2014 Fareham Borough Council election
| 22 May 2014 |

Half of seats (16 of 31) to Fareham Borough Council 16 seats needed for a majority
|  | First party | Second party |
| Leader | Seán Woodward | Paul Whittle |
| Party | Conservative | Liberal Democrats |
| Seats won | 11 (25 total) | 3 (5 total) |
| Seat change | +1 | −3 |
| Popular vote | 16,912 | 9,180 |
| Percentage | 44.9% | 24.4% |
| Swing | −7.8% | −1.1% |
- Map showing the results of the election in each ward. Colours denote the winning party as shown in the main table of results.
| Council control before election Conservatives | Council control after election Conservatives |

= 2014 Fareham Borough Council election =

2014 UK local government election

The 2014 Fareham Borough Council elections took place on 22 May 2014 to elect half the members of Fareham Borough Council in Hampshire, England. The Conservative Party are currently the largest party on the council. The last time these seats were contested was in 2010.
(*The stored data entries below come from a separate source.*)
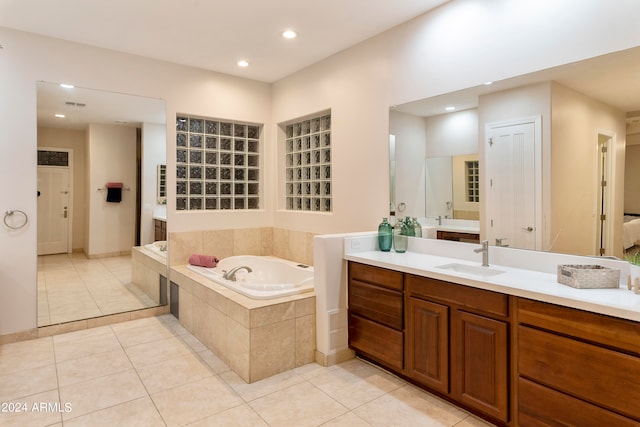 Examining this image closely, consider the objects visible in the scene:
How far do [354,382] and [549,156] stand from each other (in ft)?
6.27

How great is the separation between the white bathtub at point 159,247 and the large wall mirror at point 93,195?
0.06 metres

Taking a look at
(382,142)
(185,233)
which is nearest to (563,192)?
(382,142)

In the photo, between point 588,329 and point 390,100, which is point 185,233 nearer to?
point 390,100

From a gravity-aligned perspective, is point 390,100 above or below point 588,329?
above

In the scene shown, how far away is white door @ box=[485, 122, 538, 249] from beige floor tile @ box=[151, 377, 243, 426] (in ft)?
6.60

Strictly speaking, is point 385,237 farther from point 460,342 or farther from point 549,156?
point 549,156

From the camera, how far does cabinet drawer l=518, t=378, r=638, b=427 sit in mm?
1562

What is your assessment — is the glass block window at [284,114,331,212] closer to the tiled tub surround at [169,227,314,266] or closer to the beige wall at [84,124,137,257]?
the tiled tub surround at [169,227,314,266]

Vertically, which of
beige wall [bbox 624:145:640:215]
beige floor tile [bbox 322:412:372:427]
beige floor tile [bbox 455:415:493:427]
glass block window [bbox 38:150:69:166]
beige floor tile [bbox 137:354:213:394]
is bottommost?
beige floor tile [bbox 322:412:372:427]

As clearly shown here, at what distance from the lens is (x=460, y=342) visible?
6.93 ft

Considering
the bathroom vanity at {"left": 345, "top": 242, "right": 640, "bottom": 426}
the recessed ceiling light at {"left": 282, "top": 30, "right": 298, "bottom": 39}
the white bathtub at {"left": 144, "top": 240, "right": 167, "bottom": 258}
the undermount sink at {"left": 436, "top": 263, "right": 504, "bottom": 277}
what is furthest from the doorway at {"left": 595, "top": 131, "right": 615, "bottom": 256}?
the white bathtub at {"left": 144, "top": 240, "right": 167, "bottom": 258}

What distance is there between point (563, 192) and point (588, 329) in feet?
2.88

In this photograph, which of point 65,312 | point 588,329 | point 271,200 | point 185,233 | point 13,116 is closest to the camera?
point 588,329

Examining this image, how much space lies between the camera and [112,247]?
3.72 meters
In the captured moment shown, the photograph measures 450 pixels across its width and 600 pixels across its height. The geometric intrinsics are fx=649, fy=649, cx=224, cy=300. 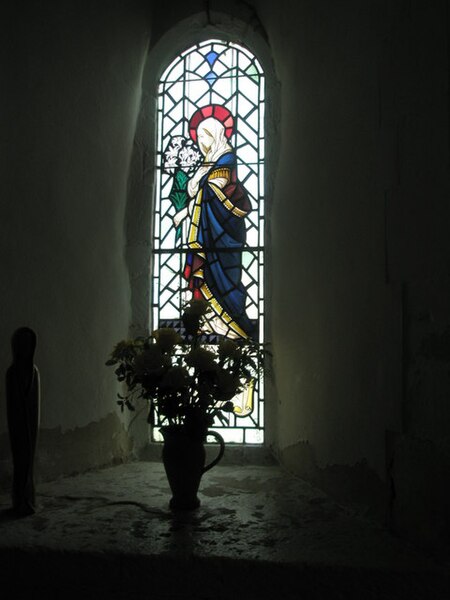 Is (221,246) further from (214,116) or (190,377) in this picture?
(190,377)

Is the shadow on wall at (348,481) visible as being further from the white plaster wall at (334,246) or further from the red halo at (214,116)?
the red halo at (214,116)

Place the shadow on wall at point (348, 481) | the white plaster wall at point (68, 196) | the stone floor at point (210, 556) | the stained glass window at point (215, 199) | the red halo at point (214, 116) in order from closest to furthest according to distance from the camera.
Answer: the stone floor at point (210, 556)
the shadow on wall at point (348, 481)
the white plaster wall at point (68, 196)
the stained glass window at point (215, 199)
the red halo at point (214, 116)

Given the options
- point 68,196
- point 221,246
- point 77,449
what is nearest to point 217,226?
point 221,246

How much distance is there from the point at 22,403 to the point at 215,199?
5.32 feet

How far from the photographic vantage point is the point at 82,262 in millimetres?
2627

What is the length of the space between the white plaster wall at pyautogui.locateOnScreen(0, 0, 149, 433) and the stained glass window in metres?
0.25

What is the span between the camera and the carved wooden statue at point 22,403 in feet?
6.08

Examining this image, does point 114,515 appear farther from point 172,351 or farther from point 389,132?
point 389,132

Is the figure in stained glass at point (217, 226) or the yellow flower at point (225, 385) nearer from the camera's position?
the yellow flower at point (225, 385)

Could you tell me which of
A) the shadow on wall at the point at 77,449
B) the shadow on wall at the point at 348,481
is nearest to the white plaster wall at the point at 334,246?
the shadow on wall at the point at 348,481

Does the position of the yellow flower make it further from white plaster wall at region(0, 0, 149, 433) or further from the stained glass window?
the stained glass window

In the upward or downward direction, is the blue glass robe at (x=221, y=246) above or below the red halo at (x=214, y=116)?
below

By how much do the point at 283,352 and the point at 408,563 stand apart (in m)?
1.31

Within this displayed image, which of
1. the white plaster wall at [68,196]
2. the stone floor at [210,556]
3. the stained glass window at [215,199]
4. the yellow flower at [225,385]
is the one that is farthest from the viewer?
the stained glass window at [215,199] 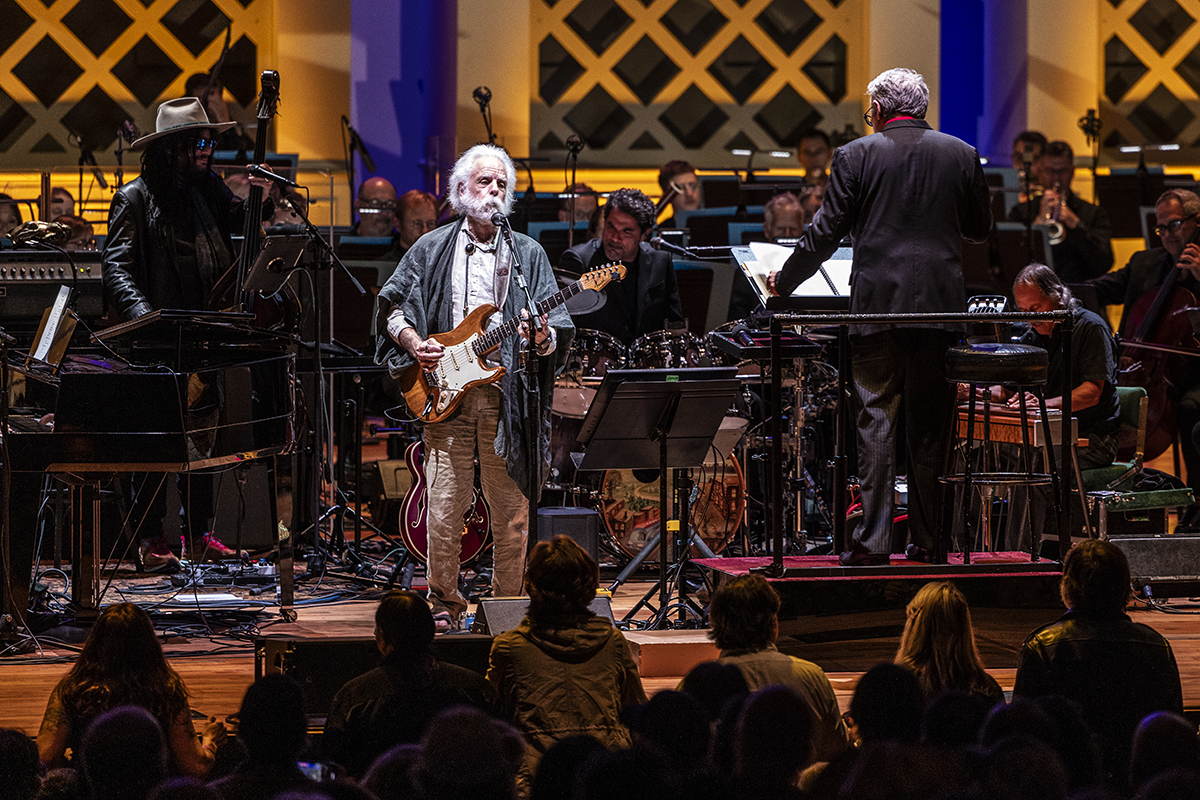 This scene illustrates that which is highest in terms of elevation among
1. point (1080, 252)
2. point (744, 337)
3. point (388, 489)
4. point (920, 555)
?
point (1080, 252)

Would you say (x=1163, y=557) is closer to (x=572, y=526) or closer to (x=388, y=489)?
(x=572, y=526)

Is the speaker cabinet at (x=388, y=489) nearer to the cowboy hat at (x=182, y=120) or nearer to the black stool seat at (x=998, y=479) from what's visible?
the cowboy hat at (x=182, y=120)

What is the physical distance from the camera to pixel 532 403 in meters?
5.20

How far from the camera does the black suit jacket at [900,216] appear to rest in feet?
16.0

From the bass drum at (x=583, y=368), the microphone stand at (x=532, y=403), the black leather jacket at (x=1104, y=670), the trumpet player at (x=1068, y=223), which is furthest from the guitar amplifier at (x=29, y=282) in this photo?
the trumpet player at (x=1068, y=223)

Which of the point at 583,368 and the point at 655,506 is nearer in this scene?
the point at 583,368

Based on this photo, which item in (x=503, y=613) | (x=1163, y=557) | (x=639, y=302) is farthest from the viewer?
(x=639, y=302)

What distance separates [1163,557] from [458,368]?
271 cm

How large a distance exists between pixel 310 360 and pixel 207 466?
148cm

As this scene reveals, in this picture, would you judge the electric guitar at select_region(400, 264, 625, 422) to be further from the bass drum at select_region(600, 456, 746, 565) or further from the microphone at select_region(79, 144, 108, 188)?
the microphone at select_region(79, 144, 108, 188)

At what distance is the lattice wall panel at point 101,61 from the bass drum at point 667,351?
624cm

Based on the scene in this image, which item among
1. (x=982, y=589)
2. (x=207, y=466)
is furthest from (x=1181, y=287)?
(x=207, y=466)

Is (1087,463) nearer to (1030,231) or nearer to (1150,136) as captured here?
(1030,231)

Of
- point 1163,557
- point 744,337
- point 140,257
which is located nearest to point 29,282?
point 140,257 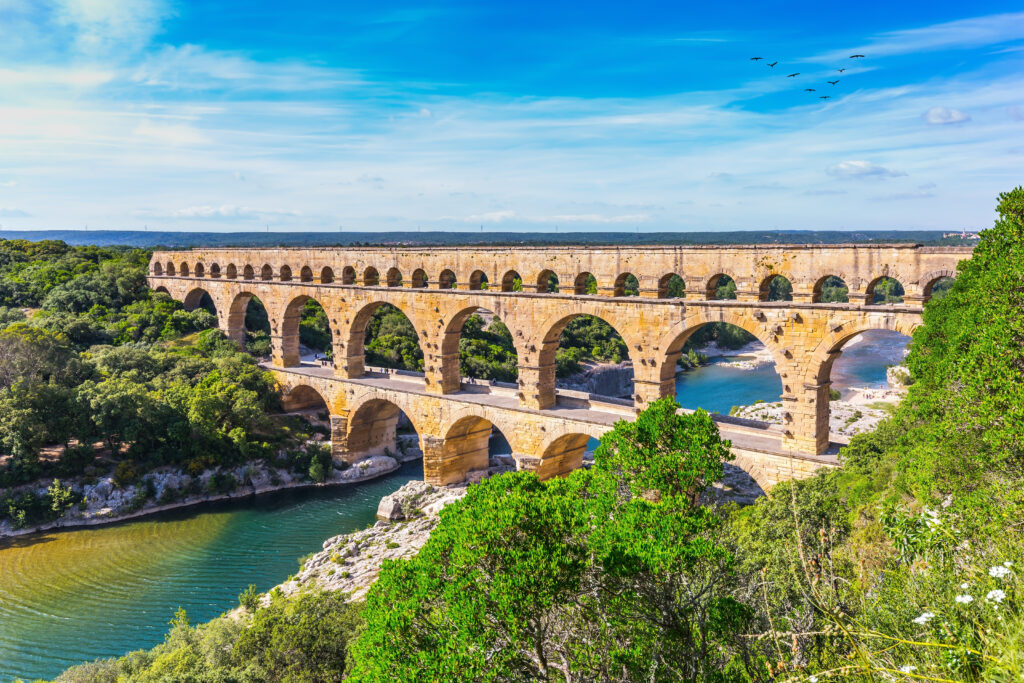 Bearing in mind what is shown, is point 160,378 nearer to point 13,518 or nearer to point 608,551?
point 13,518

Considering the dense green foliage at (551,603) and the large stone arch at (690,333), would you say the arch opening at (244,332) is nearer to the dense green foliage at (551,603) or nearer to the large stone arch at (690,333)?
the large stone arch at (690,333)

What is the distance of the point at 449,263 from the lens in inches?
876

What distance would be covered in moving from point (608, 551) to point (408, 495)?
14778mm

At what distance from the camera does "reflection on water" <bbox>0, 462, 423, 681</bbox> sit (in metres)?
15.1

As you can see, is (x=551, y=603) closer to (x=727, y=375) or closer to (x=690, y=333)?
(x=690, y=333)

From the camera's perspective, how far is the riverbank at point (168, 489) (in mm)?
20797

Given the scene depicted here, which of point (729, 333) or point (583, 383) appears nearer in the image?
point (583, 383)

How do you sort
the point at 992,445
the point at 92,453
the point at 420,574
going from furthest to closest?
1. the point at 92,453
2. the point at 992,445
3. the point at 420,574

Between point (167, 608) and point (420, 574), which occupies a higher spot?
point (420, 574)

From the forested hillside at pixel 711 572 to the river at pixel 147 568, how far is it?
5696mm

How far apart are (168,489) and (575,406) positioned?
12936mm

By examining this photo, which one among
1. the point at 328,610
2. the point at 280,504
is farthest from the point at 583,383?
the point at 328,610

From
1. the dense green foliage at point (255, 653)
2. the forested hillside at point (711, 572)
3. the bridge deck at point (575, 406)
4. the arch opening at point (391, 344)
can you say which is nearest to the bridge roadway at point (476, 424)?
the bridge deck at point (575, 406)

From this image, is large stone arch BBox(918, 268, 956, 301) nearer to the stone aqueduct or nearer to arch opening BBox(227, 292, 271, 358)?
the stone aqueduct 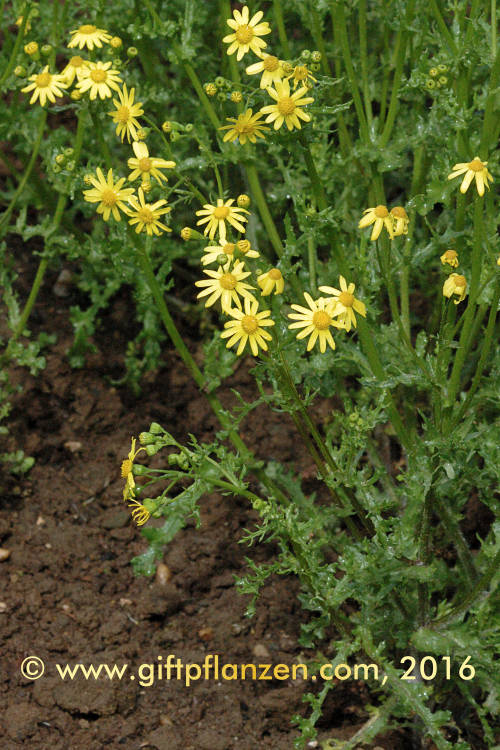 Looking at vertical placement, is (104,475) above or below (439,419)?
below

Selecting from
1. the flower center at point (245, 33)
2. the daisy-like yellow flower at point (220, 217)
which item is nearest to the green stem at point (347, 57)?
the flower center at point (245, 33)

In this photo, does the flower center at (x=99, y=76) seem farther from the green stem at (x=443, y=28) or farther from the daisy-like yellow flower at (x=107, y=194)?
the green stem at (x=443, y=28)

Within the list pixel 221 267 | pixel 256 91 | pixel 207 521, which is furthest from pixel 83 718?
pixel 256 91

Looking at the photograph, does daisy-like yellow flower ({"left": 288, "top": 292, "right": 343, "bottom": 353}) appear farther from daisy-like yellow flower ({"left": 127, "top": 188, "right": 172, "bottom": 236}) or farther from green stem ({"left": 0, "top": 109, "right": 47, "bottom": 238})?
green stem ({"left": 0, "top": 109, "right": 47, "bottom": 238})

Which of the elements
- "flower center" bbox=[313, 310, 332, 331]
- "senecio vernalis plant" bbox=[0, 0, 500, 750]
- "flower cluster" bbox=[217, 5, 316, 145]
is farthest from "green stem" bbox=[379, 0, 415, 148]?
"flower center" bbox=[313, 310, 332, 331]

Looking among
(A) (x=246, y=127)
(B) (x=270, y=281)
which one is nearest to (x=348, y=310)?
(B) (x=270, y=281)

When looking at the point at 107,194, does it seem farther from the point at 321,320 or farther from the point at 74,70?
the point at 321,320

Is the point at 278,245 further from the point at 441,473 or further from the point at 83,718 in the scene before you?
the point at 83,718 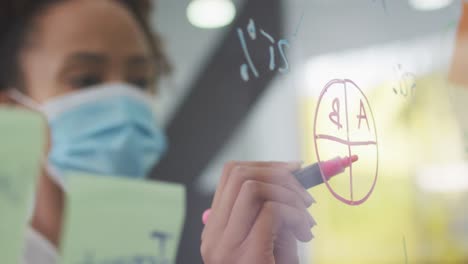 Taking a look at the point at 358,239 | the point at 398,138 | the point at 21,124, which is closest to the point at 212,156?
the point at 21,124

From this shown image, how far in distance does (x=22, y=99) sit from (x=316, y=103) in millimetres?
323

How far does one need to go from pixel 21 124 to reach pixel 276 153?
24 cm

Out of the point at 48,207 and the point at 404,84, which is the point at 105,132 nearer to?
the point at 48,207

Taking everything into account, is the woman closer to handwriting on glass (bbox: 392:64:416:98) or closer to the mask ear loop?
the mask ear loop

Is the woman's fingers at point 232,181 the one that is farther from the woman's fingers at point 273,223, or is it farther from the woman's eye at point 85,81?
the woman's eye at point 85,81

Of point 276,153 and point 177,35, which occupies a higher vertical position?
point 177,35

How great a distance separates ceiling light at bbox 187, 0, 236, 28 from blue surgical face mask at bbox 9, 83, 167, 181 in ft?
0.30

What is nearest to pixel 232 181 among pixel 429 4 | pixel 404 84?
pixel 404 84

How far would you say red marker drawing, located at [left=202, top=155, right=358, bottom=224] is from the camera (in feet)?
1.89

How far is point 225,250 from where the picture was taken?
19.9 inches

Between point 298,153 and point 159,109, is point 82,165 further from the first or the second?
point 298,153

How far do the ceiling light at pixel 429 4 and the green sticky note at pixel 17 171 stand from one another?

The Conservative Party held every seat they defended and gained one from the Liberal Democrats, in the Fareham North West ward. The Liberal Democrats lost a further two seats: in Stubbington to UKIP, who gained their first councillor, and in Titchfield Common, where the incumbent councillor became an Independent.

After the election, the composition of the council was:
- Conservative 24
- Liberal Democrat 5
- UKIP 1
- Independent 1

==Election results==
The election saw the Conservatives retain control of the council after winning 11 seats compared to 3 for the Liberal Democrats alongside 1 UKIP and 1 Independent, former Liberal Democrat councillor.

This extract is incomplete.